Release Notes V2.5 (July 7, 1999)

This screen provides a terse summary of the new features installed in Magma for release version V2.5 (July 7, 1999).

Summary

The kbmag package of Derek Holt has been installed. This has as its basis a powerful Knuth-Bendix algorithm for monoids. Using this as a foundation, three new categories have been installed: MonRWS -- monoids defined by finite confluent rewrite systems; GrpRWS -- groups defined by finite confluent rewrite systems; and GrpATC -- short-lex automatic groups.

The Plesken soluble quotient algorithm has been implemented in Magma by Herbert Brueckner. This is the first implementation capable of computing soluble quotients without the user needing to supply any information about the quotient.

The ordinary irreducible representations of a finite soluble group may now be constructed. Previously, only the modular irreducible representations were available.

A basic module for Coxeter groups implemented by Don Taylor has been installed.

General algebraic function fields are available for the first time. These facilities are provided by the KANT group. A general function field is a finite degree extension of a rational function field K(x). In Magma V2.5, the field K may be taken to be either a finite field, Q or a number field. Operations supported include the arithmetic of algebraic functions, genus, maximal orders, arithmetic of fractional ideals, fundamental unit computation (global function fields) and subfields.

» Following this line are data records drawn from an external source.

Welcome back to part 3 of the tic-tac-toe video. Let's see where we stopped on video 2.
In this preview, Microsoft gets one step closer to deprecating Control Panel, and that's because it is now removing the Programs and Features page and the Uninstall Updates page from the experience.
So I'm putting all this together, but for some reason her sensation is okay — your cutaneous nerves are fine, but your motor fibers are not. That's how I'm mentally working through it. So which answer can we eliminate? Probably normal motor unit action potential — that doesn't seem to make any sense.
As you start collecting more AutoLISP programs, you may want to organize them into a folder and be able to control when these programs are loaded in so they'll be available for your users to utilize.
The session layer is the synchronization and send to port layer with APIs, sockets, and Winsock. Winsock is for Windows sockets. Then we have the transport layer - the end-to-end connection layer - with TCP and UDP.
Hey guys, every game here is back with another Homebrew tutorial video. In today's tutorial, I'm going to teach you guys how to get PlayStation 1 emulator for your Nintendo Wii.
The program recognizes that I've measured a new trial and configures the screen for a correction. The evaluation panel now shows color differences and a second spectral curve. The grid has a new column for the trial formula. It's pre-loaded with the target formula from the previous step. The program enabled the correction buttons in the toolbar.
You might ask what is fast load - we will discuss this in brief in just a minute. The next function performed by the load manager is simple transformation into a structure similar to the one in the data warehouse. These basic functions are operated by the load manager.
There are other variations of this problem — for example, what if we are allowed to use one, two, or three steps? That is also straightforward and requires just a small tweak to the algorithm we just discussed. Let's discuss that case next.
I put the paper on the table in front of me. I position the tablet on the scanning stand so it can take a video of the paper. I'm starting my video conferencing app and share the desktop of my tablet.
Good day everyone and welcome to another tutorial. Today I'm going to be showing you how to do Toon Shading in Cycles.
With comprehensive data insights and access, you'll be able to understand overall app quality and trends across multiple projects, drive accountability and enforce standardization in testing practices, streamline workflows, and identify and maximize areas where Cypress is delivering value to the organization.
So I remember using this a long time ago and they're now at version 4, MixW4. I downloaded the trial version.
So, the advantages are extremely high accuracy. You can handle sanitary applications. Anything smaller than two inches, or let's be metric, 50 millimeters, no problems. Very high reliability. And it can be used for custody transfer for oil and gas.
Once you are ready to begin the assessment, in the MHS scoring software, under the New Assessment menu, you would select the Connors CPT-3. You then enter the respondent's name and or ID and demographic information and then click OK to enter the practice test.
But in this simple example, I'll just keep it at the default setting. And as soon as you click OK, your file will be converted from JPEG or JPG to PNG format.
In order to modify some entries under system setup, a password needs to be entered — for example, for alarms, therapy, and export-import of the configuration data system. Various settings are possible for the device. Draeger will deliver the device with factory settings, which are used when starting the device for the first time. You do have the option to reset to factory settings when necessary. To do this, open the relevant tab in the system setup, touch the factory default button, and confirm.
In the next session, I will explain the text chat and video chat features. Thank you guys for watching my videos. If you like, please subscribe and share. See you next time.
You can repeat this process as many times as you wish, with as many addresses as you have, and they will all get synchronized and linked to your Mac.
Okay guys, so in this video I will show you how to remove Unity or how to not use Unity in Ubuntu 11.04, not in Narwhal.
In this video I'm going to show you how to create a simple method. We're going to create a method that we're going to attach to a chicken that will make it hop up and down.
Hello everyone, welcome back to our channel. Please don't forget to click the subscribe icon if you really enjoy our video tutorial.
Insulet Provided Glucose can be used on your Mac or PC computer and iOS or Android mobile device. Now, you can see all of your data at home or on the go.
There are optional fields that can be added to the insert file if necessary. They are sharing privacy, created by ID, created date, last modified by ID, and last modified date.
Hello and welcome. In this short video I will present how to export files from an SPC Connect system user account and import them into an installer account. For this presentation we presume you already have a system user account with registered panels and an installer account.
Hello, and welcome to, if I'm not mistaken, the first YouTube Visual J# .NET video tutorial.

The first stage of a general package for working with plane curves is included in V2.5. Its main features are flexible tools for translating between affine and projective curves, the calculation of geometric genus of any plane curve and the explicit manipulation of divisors on cubics in Weierstrass form.

Also forming part of the algebraic geometry machinery is a module for working with schemes defined by polynomial equations in affine or projective space. Such tools include Groebner basis computation, dimension and image of maps, and linear algebra calculations formalized as linear systems on projective space. Maps between spaces may also be constructed and studied.

Magma V2.5 contains an efficient implementation of the Schoof-Elkies-Atkin algorithm with Lercier's extension to base fields of characteristic 2. Calculations are performed in the smallest field over which the curve is defined, and the result is lifted to the original field.

Removals and Changes

The function ElementaryDivisors has been fixed to include any ones which are in the Smith normal form of the input matrix (so the length of the result is now always the rank of the input matrix).

Descriptions of the functions LargestClique and LargestIndependentSet have been removed from the Magma Handbook. The functions will be removed from Magma in a subsequent release.

Language and System Features [HB 1--5]

New features:

New functions GetMemoryUsage, GetMaximumMemoryUsage and ResetMaximumMemoryUsage for obtaining information about Magma's memory usage.

New function Getuid() to return the user ID of the current Magma process (calls the system function getuid() in Unix).

The expression +specfile may now be placed in a package specification file instead of a filename to indicate that all files in the named specification file specfile should be recursively attached.

The help system browser now allows the command grep to search the full text of the help information for a given substring.

Semigroups

Monoids Defined by Rewrite Systems (New) [HB 17]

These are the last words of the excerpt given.